* INFORMATION SHOWN:
************

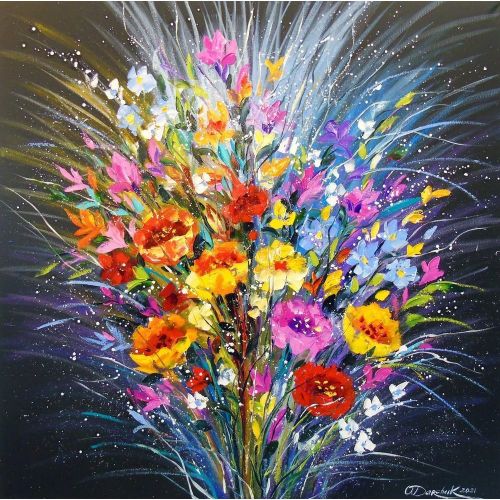 Bouquet Of Flowers For Happiness, Olha Darchuk Bouquet of flowers for happiness oil painting on canvas without a frame as the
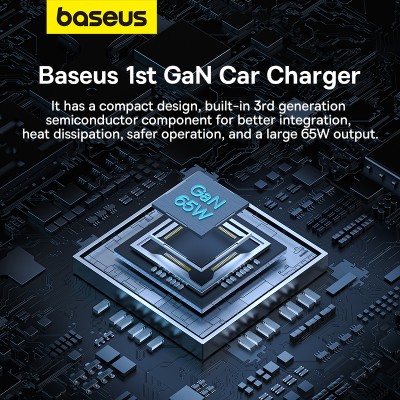 Автомобильное зарядное устройство BASEUS Golden Contactor Pro GaN Fast Charging, USB+2*USB-C, 65W, темно-серый Автомобильное зарядное устройство BASEUS Golden Contactor Pro GaN Fast Charging, USB+2*USB-C, 65W, темно-серый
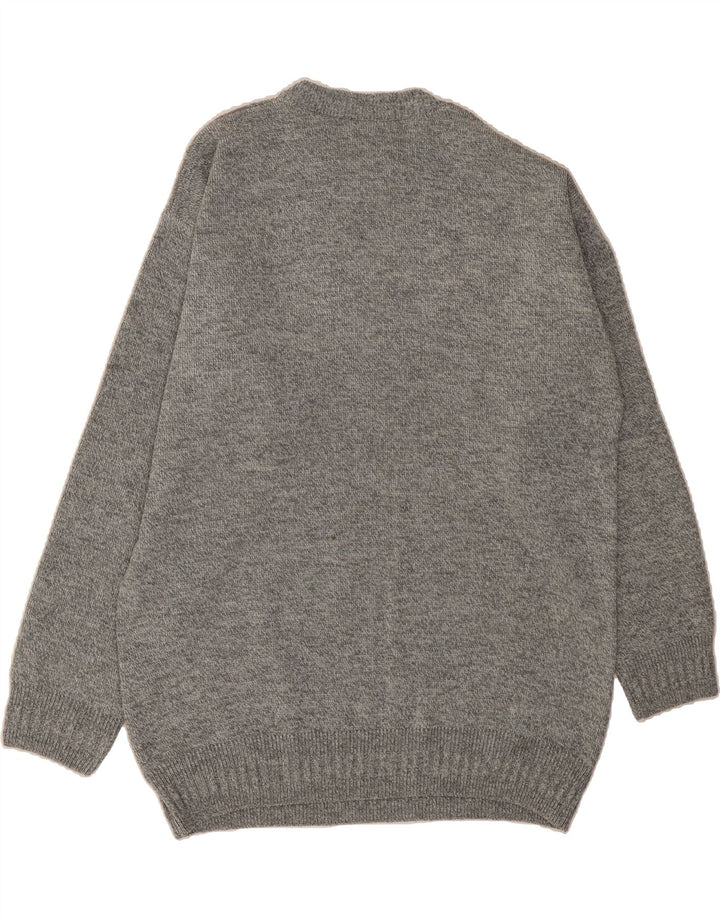 VINTAGE Mens Crew Neck Jumper Sweater Medium Grey Colourblock Acrylic Vintage Vintage and Second-Hand Vintage from Messina Hembry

************

* TASK TO COMPLETE: Restate the data word for word without pictures.

* ANSWER SECTION:
 Bouquet Of Flowers For Happiness, Olha Darchuk Bouquet of flowers for happiness oil painting on canvas without a frame as the
 Автомобильное зарядное устройство BASEUS Golden Contactor Pro GaN Fast Charging, USB+2*USB-C, 65W, темно-серый Автомобильное зарядное устройство BASEUS Golden Contactor Pro GaN Fast Charging, USB+2*USB-C, 65W, темно-серый
 VINTAGE Mens Crew Neck Jumper Sweater Medium Grey Colourblock Acrylic Vintage Vintage and Second-Hand Vintage from Messina Hembry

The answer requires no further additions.